The Pipeline script must be placed in the [Datakit installation directory]/pipeline directory.
$ datakit pipeline -P your_pipeline.p -T '2021-01-11T17:43:51.887+0800 DEBUG io io/io.go:458 post cost 6.87021ms'
Extracted data(cost: 421.705µs): # Indicates successful parsing
{
"code" : "io/io.go: 458", # Corresponding code location
"level" : "DEBUG", # Corresponding log level
"module" : "io", # Corresponding code module
"msg" : "post cost 6.87021ms", # Raw log content
"time" : 1610358231887000000 # Log time (Unix nanosecond timestamp)
"message": "2021-01-11T17:43:51.887+0800 DEBUG io io/io.g o:458 post cost 6.87021ms"
}
Example of failed extraction (only message
remains, indicating other fields were not extracted):
$ datakit pipeline -P other_pipeline.p -T '2021-01-11T17:43:51.887+0800 DEBUG io io/io.g o:458 post cost 6.87021ms'
{
"message": "2021-01-11T17:43:51.887+0800 DEBUG io io/io.g o:458 post cost 6.87021ms"
}
If the debug text is complex, you can write it into a file (sample.log) and use the following method for debugging:
For more Pipeline debugging commands, see datakit help pipeline
.
Grok Wildcard Search¶
Given the numerous Grok patterns, manual matching can be cumbersome.

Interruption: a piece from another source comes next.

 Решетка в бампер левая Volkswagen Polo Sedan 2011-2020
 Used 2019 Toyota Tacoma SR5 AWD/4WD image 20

Datakit provides an interactive command-line tool grokq
(Grok query):
datakit tool --grokq
grokq > Mon Jan 25 19:41:17 CST 2021 # Enter the text you want to match here
2 %{DATESTAMP_OTHER: ?} # The tool suggests corresponding matches; higher-ranked matches are more precise (higher weight). The number before indicates the weight.
0 %{GREEDYDATA: ?}
grokq > 2021-01-25T18:37:22.016+0800
4 %{TIMESTAMP_ISO8601: ?} # The ? indicates you need to name the matched text with a field
0 %{NOTSPACE: ?}
0 %{PROG: ?}
0 %{SYSLOGPROG: ?}
0 %{GREEDYDATA: ?} # Patterns like GREEDYDATA have a wide range and lower weight
# Higher weights mean better precision
grokq > Q # Use Q or exit to quit
Bye!
Warning
On Windows, execute the debugging in PowerShell.
Handling Multi-line Logs¶
When dealing with call stack-related logs, which have varying line counts, directly using the GREEDYDATA
pattern cannot handle logs like the following:
2022-02-10 16:27:36.116 ERROR 1629881 --- [scheduling-1] o.s.s.s.TaskUtils$LoggingErrorHandler : Unexpected error occurred in scheduled task
java.lang.NullPointerException: null
at com.xxxxx.xxxxxxxxxxx.xxxxxxx.impl.SxxxUpSxxxxxxImpl.isSimilarPrize(xxxxxxxxxxxxxxxxx.java:442)
at com.xxxxx.xxxxxxxxxxx.xxxxxxx.impl.SxxxUpSxxxxxxImpl.lambda$getSimilarPrizeSnapUpDo$0(xxxxxxxxxxxxxxxxx.java:595)
at java.util.stream.ReferencePipeline$3$1.accept(xxxxxxxxxxxxxxxxx.java:193)
at java.util.ArrayList$ArrayListSpliterator.forEachRemaining(xxxxxxxxx.java:1382)
at java.util.stream.AbstractPipeline.copyInto(xxxxxxxxxxxxxxxx.java:481)
at java.util.stream.AbstractPipeline.wrapAndCopyInto(xxxxxxxxxxxxxxxx.java:471)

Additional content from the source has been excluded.